Overheard (by a friend of TJI) on Light Rail: "I caught my daughter smoking the other day. Made her put it out. But she really did look cute! I told her that if she wants to smoke, she'll have to wait until her birthday next year. She'll be 13 then."

Observed (by TJI reader Carol Meyers) on the door of Senator Savings Bank in Towson: A sign that says, "No cash on premises."

Observed (by new mom Elise Saltzberg) after she discovered that her husband's name had been left off their baby boy's birth certificate: "My husband David and I were somewhat amused by this snafu and, at the same time, anxious to get the matter corrected. I finally spoke to [a woman] in the Division of Vital Records. That the baby's mother and father were married to each other seemed novel to her. She didn't know quite what to make of it. It must be such a rare occurrence to have a baby's birth registration form filled in completely [by a parent] that the data entry clerk just automatically filled in 'Not Stated' in place of the father's name. When I told her that my husband and I have been married since 1989, she again sounded befuddled."

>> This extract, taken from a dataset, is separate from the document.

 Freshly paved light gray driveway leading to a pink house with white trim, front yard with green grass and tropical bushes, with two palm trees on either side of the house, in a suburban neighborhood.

Observed (by longtime community activist Willa Bickham) from Mount Street in Southwest Baltimore: "I don't get to see much of the vulgar and entertaining rich [TJI, Sept. 25] but I do see the poor getting poorer each year. It's hard to walk from my desperately poor neighborhood to the Inner Harbor. It's two worlds. You ask if anyone is bothered by this. I am, and I know that hatred and racism are class warfare; we move further apart from each other every day. Ordinary life has slipped away from most of my neighbors. Where do all these yachts come from? The harbor grows faster with them than our grass does in this rainy year. I can hardly see the water at the harbor now."

Portuguese pride

As the son of a native of Portugal -- the name "Rodrigues" was changed a long time ago to its current form by a clueless American bureaucrat -- I was interested in (and more than a little surprised by) Baltimore City Council Bill 279. It seeks to include "Portuguese" in the city's official recognition of Hispanic minorities. The bill, introduced by 5th District Councilwoman Helen Holton last week, expanded the definition to include anyone of Dominican Republic or Portuguese origin.

The Portuguese -- originating from Portugal, Madeira, Cape Verde or the Azores -- are certainly a minority population in the United States and just about everywhere else; the diaspora is thin but extensive.

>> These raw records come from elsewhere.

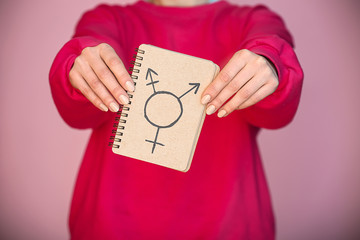 Woman showing symbol of transgender on color background, closeup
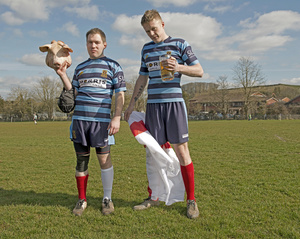 Tom Breakell and Craig Dixan from Shrewsbury RUFC with mascot 'Babe'.  Crediton Rugby Club match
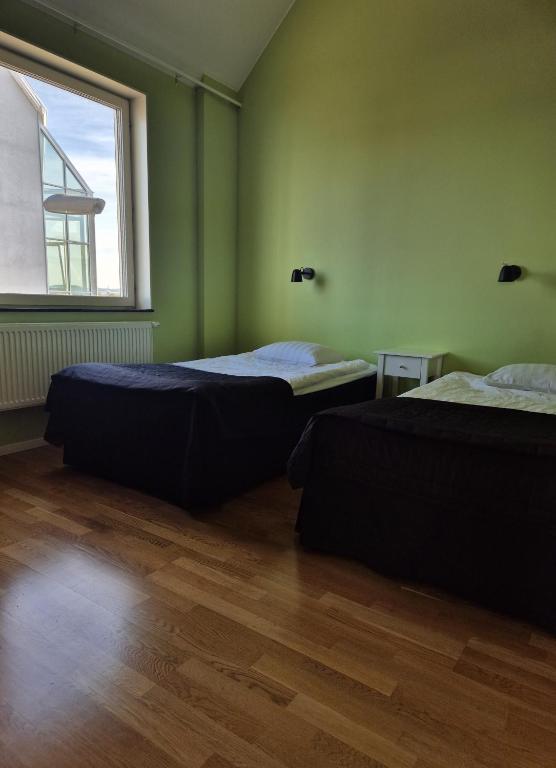 Postel nebo postele na pokoji v ubytování Hotel Torslanda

It wasn't always this way.

Four or five centuries ago, my honorable (and not so honorable) ancestors explored (and exploited and enslaved) major slices of the globe, from South America to the Far East. The Portuguese actually had an empire. But what happened? When the Spanish, the British and the Dutch turned up the heat -- when things started to get messy -- most of the Portuguese empire-builders said, "The hell with this. Let's go home and grow some grapes, harvest some cork, maybe do a little fishing." Lisbon, however, held fast to its African colonies, Mozambique and Angola, and didn't abolish slavery until the late 1800s. The Portuguese didn't let go of the colonies until 1975.

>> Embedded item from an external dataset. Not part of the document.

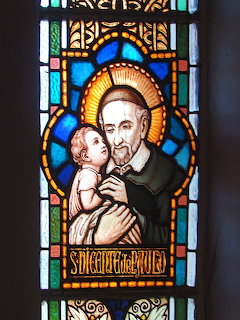 Stained glass church window showing Saint Vincent de Paul holding a baby with a golden halo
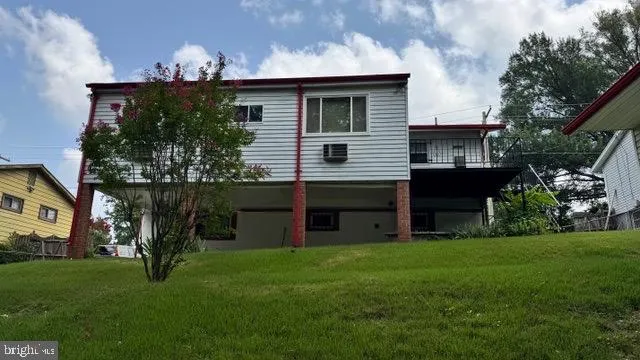 a front view of house with yard and outdoor seating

My bloods were Madeirans; by the time my father was born on that lovely island west of Morocco, his family had been off the Portuguese mainland (distanced from the political dictatorships there) for several generations and, from what I've been able to learn, they were banana and flower farmers; some of them likely worked on fishing boats. Then, they did what half of the population of Madeira did over the last century -- they left. They went to Brazil or Canada (we're heavy in Toronto) or the United States. They went quietly, too. And settled in. And, like so many other immigrants from so many other countries, they enriched the United States with the diversity we should celebrate and never decry. I think I'll raise a flag for the Portuguese at next year's Hispanic Festival.

Ringing up receipts

This is getting to be a habit, but it's a good one, so here goes: The Renaissance Institute's annual class project -- to collect cash register tapes from Giant, Safeway and Metro and redeem them for classroom computers for a Baltimore public school with the greatest need and the best student attendance -- is up and running again. This year, if you want to contribute, send your receipts to:

Save the Tapes, Renaissance Institute, College of Notre Dame of Maryland, 4701 N. Charles St., Baltimore 21210-2476.

Baltimore fiction

Ken Follett's new book, "The Third Twin," is set in Baltimore, and he'll be here soon to promote it. Baltimore is not much of a presence in the book, but we do find a "Jones Falls University," (an Ivy League institution) and Roland Park (described as "an affluent suburb"). There also is this description of the city's rowhouses: "As in many old Baltimore streets, there was a row stoop, a communal front porch that ran the length of the row, where neighbors sat cooling themselves . . ." How very odd.